Dataset records:
----
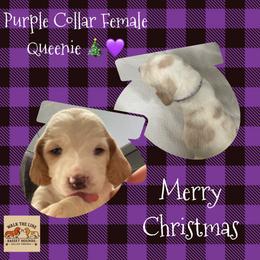 Purple Collar - Lemon and white female Basset Hound puppy in Callao, Virginia from Walk The Line Basset Hounds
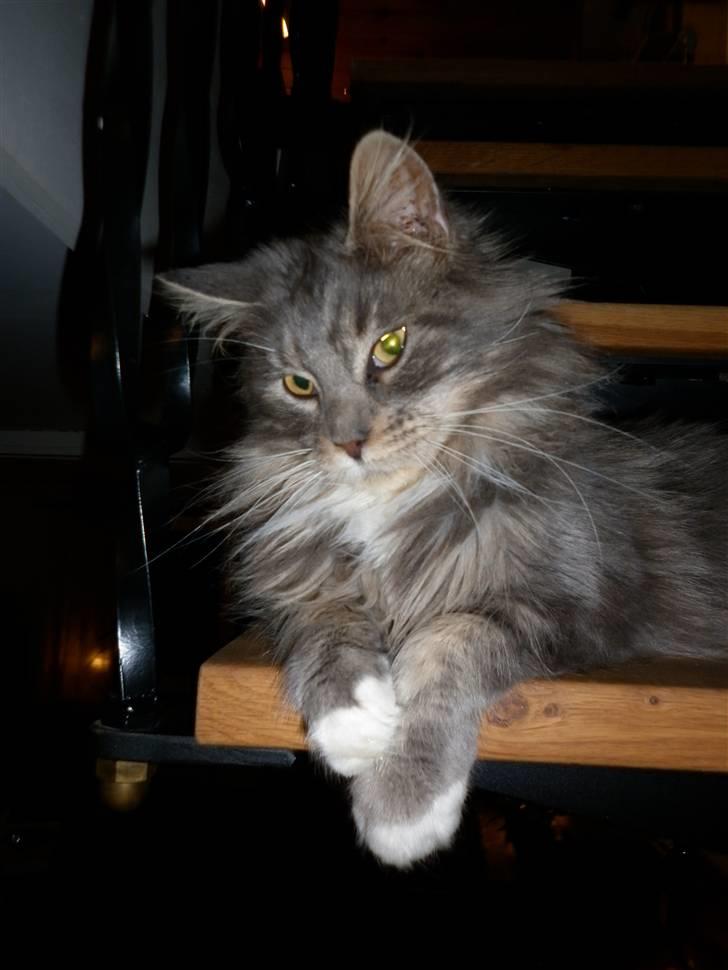 Maine Coon Jewel - Smukke Jewel ;) billede 1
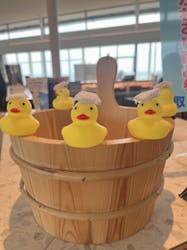 アクアイグニス淡路島に投稿された画像（2024/7/21）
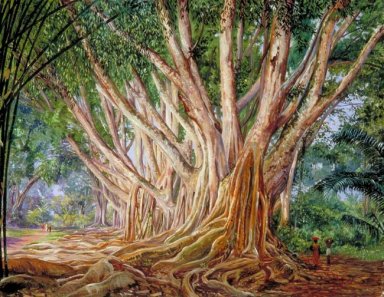 Avenue of Indian gummiträd vid Peradeniya, Ceylon
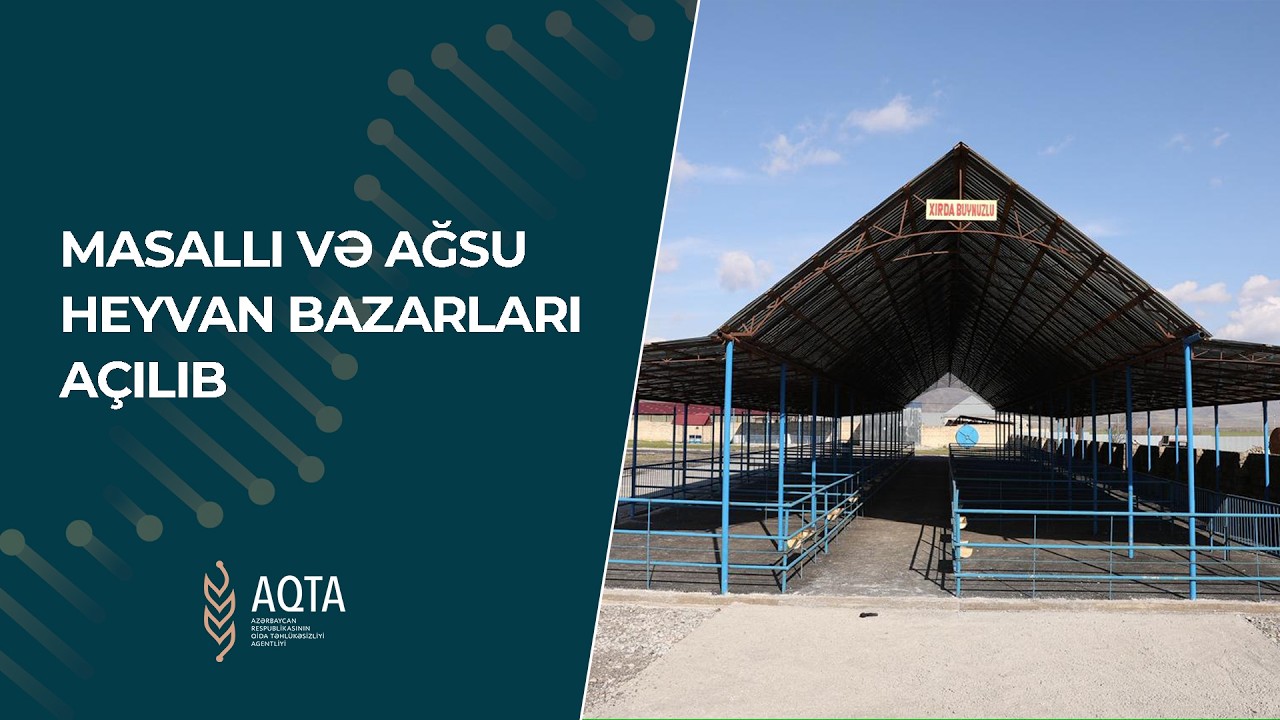 Masallı və Ağsu heyvan bazarları açılıb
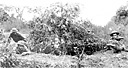 TANK OBSTACLES AND BARBED WIRE strung to delay the enemy advance
on Bataan (top); members of an antitank company in position on Bataan
(bottom). As the Japanese advanced, the defending forces withdrew toward the
Bataan Peninsula. The rugged terrain, protected flanks, and restricted 
maneuvering room on Bataan limited the enemy's ability to employ large numbers of
troops. Preparations for the defense of the peninsula were intensified and the
stocks of supplies were increased.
----
What is required:
Which lines above hold the string "Bataan"? Show each of them.

Solution to this exercise:
on Bataan (top); members of an antitank company in position on Bataan
Bataan Peninsula. The rugged terrain, protected flanks, and restricted 
maneuvering room on Bataan limited the enemy's ability to employ large numbers of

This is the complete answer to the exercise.